To our knowledge, although studies have been carried out in order to automatize growth and development determination from cervical vertebrae in orthodontics, no method using artificial intelligence has been encountered. Multidisciplinary studies have been mostly performed on hand-wrist radiographs. Chang et al. [35] described the computer-assisted method of determining bone age based on the characteristics of phalanges, and they benefited from the backpropagation neural network for classification purposes. In this study, 10 input parameters from the left-hand X-ray images were applied to the neural networks, and 77.69% classification success was achieved. Giordano et al. [36] conducted studies on the pineal and diaphyseal images in hand-wrist radiographs in order to determine the bone age automatically. Li et al. [37] introduced the automatic detection of growth and development periods with the TW3 method from hand-wrist radiographs and with ANN among artificial intelligence methods.

According to confusion matrices for all data set, Log.Regr had the lowest values for CVS1–CVS4–CVS5–CVS6. Most of the CVS4 was identified as CVS3 and CVS5 was identified as CVS4 by Log.Regr. algorithm. Its CA values of five-fold cross-validation were low too. It was observed from confusion matrices that kNN had the highest values for CVS5–CVS6 and the lowest values for CVS2–CVS3. By the way, kNN algorithm had low values at five-fold cross-validation.

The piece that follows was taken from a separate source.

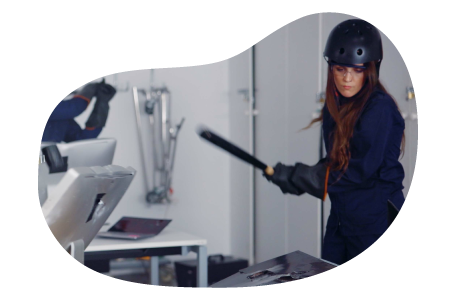 A rage room customer gets ready to strike with a bat. A rage room customer gets ready to strike with a bat.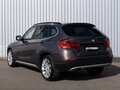 2011 BMW X1 18i I (E84), коричневый - вид 1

In determining CVS, different algorithms for each stage showed low and high values. In our experimental study, algorithms except ANN were not able to demonstrate consistent achievement in determining each class correctly. The ANN algorithm was observed to have the second-highest accuracy values in both five-fold cross-validation and confusion matrices results for determining all stages except CVS5. We have shown the ANN algorithm has been found out to be the steadier algorithm than others in determining cervical vertebrae stages. According to confusion matrices, ANN classification success was CVS1 (93%), CVS2 (89.7%), CVS6 (78%), CVS3 (68.8%), CVS4 (55.6%), and CVS5 (47.4%), respectively. The five-fold cross-validation of ANN’s CA values were the lowest 85 and higher.

Conclusions

Artificial intelligence algorithms can be used for diagnostic purposes in all sciences where growth development needs to be determined. Thus, more accurate and unbiased decisions can be obtained. By providing decision support to clinicians, it can provide faster and more effective diagnosis and contribute to the accuracy, reliability, and reproducibility of the diagnosis. In the orthodontic science that is digitized day by day, we think that time and labor can be saved by developing computer-assisted decision support programs and integrating them into existing programs.

As a conclusion, kNN and Log.Regr. algorithms had the lowest accuracy values, while SVM, RF, Tree, and NB algorithms had varying accuracy values so ANN could be the preferred method for determining CVS according to our experimental study.